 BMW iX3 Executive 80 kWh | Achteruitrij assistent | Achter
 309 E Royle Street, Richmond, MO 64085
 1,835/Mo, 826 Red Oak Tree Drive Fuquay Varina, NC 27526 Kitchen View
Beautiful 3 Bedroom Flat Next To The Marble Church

--

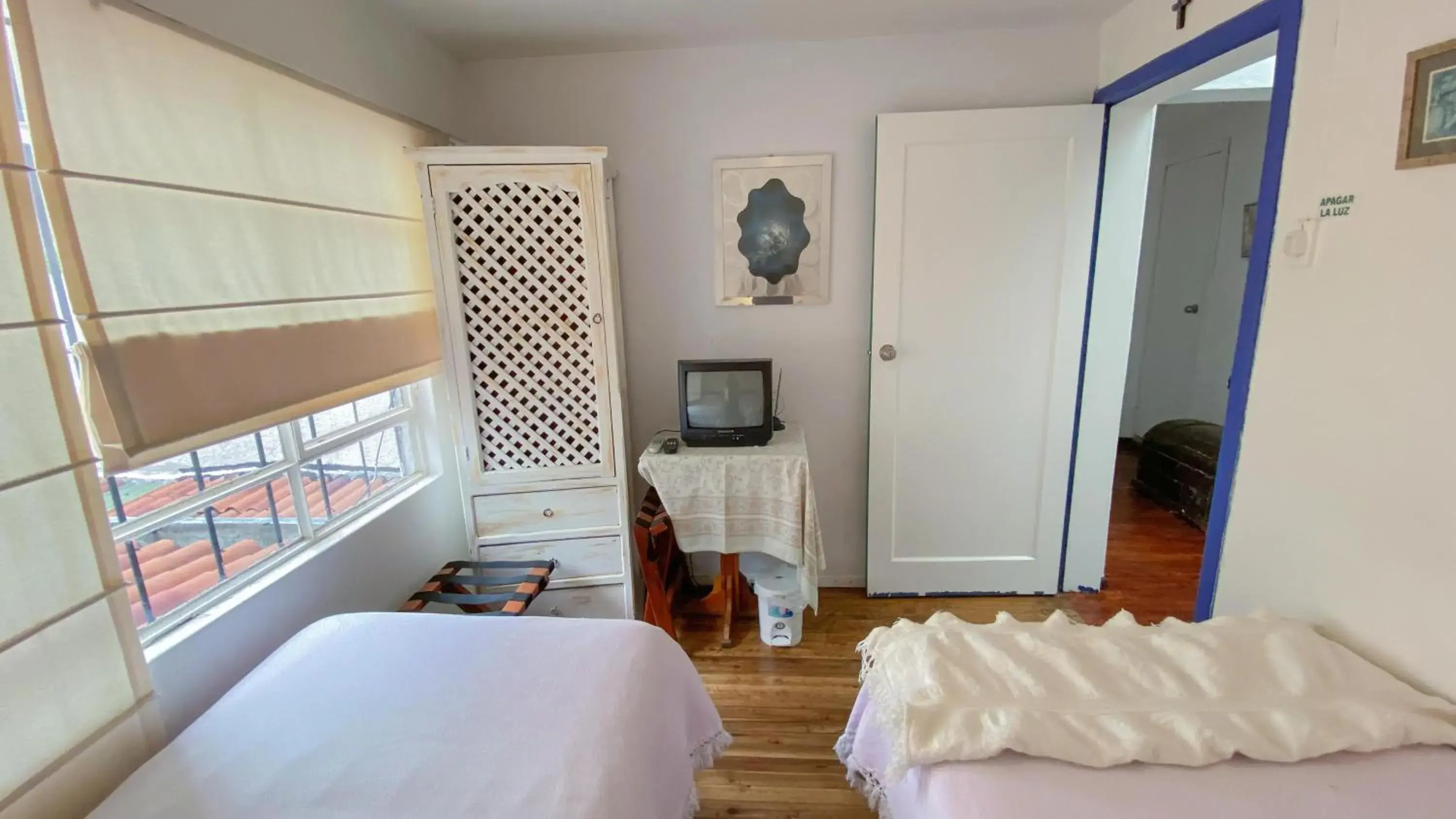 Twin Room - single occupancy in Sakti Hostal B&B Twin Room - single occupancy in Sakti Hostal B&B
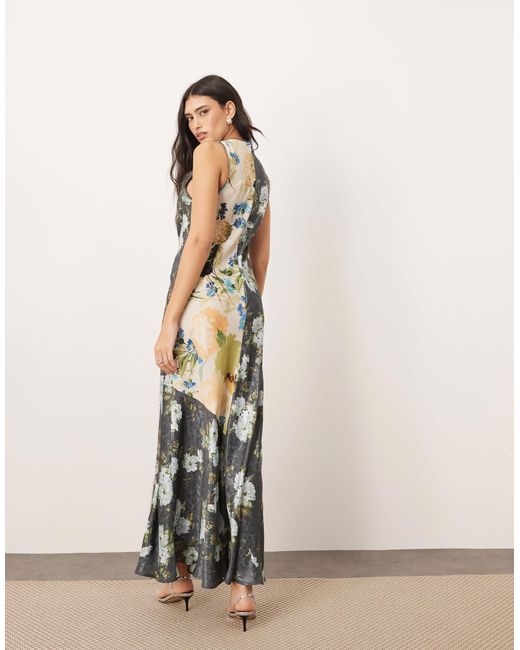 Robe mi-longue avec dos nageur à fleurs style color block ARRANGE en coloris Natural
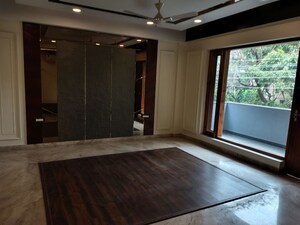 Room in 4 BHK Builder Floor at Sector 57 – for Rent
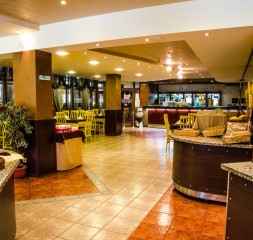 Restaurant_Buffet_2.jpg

==

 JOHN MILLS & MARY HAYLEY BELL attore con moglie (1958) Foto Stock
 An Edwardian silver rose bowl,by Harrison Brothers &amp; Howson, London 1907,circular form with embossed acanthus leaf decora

ACTIVITY:
Look above for the line with "Robe mi-longue avec" and the line with "Restaurant_Buffet_2.jpg", then copy them and all lines in between exactly as written, and only those, without any pictures.

ANSWER TO THE EXERCISE:
 Robe mi-longue avec dos nageur à fleurs style color block ARRANGE en coloris Natural
 Room in 4 BHK Builder Floor at Sector 57 – for Rent
 Restaurant_Buffet_2.jpg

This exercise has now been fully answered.